Zebo, you have a very twisted minimalist understanding of his crimes.
You do not appreciate the gravity of how much harm white-collar crime can do, nor the significance of corrupting the public trust.
The federal government is a very powerful institution, and when a leader of Congress is corrupted to use it for corrupt things, people can be hurt far worse than one beating.
I'm somewhat open to the argument 99 years is too much, I think I've heard of a country where the longest sentence for a crime is just under 20 years, and I think they have a point that any more is of questionable justice, outside of protecting the public from some people, but anyone who can be deterred by jail, is going to be with 20 years. But your comment of 6 months is asinine. It shows you do not appreciate the crime.
A murder, a beating, a robbery of one person is a terrible crime; a corruption in government that can hurt a thousand and betray millions is, too.
Besides the public interest being betrayed, you can also note the injustice that an uneducated kid who pulls a gun to make $50 - especially if the situation turns violent - can face decades in jail, while white collar criminals who steal millions get 'slap on the wrist' sentences because 'there was no violence'. That's not justice either - sort of the way crack cocaine had far longer sentences than the same amount of power cocaine.

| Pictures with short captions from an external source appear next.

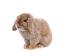 A french lop rabbit's wonderful floppy ears
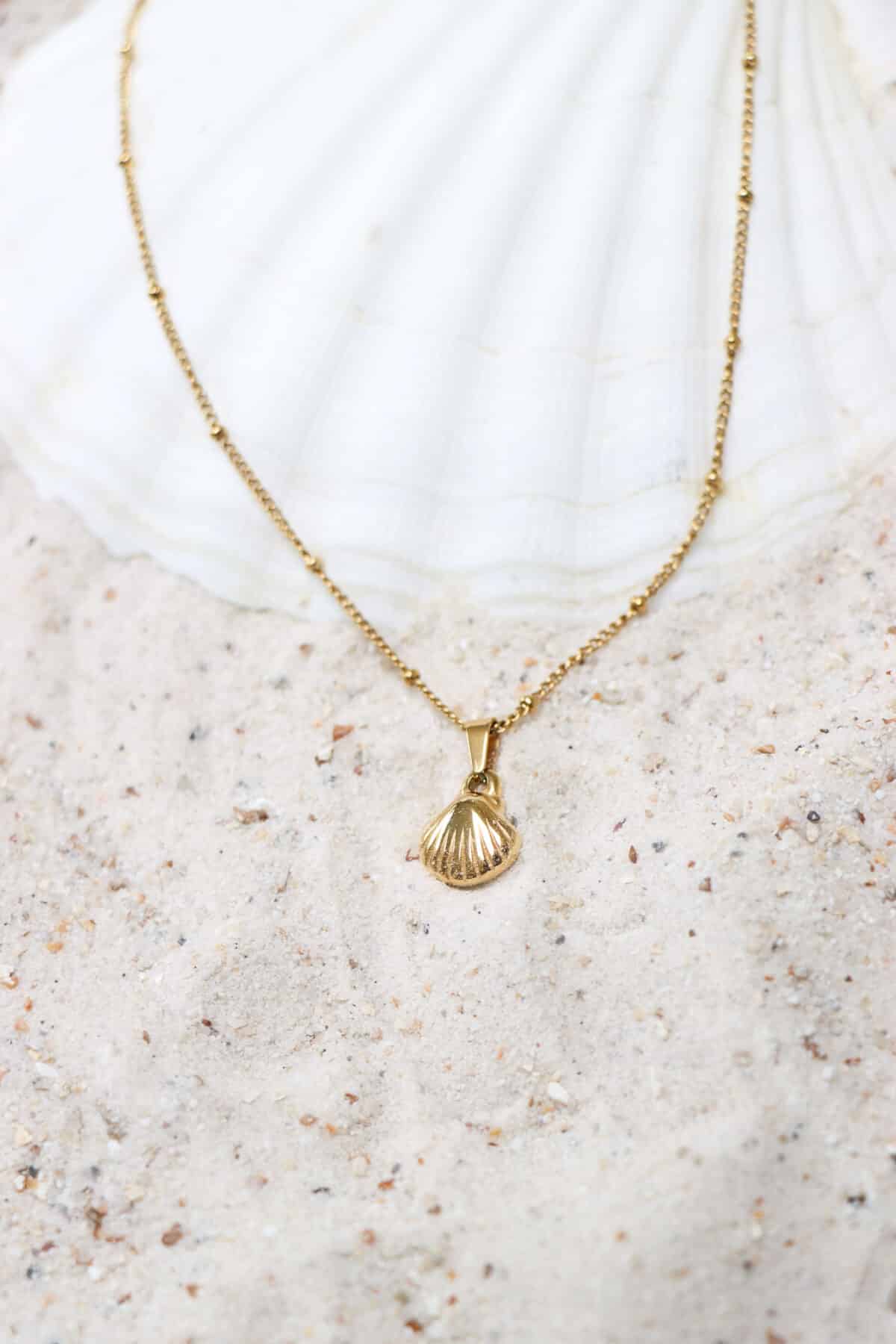 We Shell Sea Necklace Gold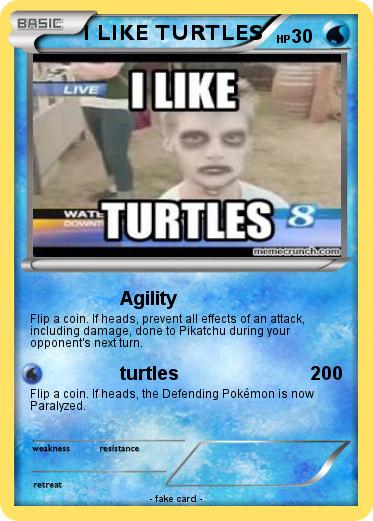 Pokemon I LIKE TURTLES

DeLay's extent of corruption is pretty extreme. It was a pervasive, cycnical, criminal view that would make Al Capone blush with shame. I don't think you have almost any idea what figures like Jack Abramoff he'd enable - sell the government to - did. For just one example, for this 'it's just money' policy, there were horrible almost slave-like conditions from exploitave factory owners in the Marianas islands for thousands or young women; DeLay accepted paid family vacations and donations for his 'non-profits' from these owners, go there and give a speech that "You are a shining light for what is happening in the Republican Party, and you represent everything that is good about what we’re trying to do in America, in leading the world in the free-market system."
The story is here:
http://www.msmagazine.com/spring2006/paradise_full.asp
It doesn't begin to give the flavor of Abramoff's corruption, but a taste is here:
http://thinkprogress.org/abramoff/
You are an apologist for massive corruption, Zebo, not only preventing justice for huge wrongdoing, but also hurting our system by encouraging more with lax punishment.
When Congress was ready to vote overwhelmingly for reform in these sweat shops, DeLay kept his promise t the owners, largely Chinese businessmen exploiting the loophole for the 'made in the USA' tag in slave labor conditions, and single-handedly prevented the legislation from getting a vote (it passed almost or actually unanimously in the Senate).

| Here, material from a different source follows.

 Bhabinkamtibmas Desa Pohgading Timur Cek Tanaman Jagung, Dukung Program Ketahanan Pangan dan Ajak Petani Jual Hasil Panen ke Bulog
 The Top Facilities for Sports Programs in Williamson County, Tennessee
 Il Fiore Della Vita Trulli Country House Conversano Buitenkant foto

He wasn't convicted of all the terrible, corrupt harms he did betraying the public trust, but his crimes are ones that are that betrayal, and they deserve serious punishment.
I watched a video of his speaking to a group of fundamentalist Christians, and he played the part of pretty much pastor with his self-righteous preaching.

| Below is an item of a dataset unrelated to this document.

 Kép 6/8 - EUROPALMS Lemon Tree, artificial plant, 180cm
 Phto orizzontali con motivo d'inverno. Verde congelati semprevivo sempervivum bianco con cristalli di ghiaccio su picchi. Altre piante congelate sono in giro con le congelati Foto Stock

If you see that, and contrast it to his organized crime, you better appreciate the nature of his behavior.
You are an accomplice of the corruption as long as you minimize and come close to praising it. We need more accountability for it, not more of it as you would cause.
In contrast, let's note a hero in Congress you more than likely have never heard of, Rep. George Miller.
He began to fight for these abused girls who never voted for him thousands of miles from his district, though his efforts were stopped cold from when Republicans took over the House in 1994, and the Republican chairman of the committee would refuse his requests for hearings, until Democrats captured the House in 2006.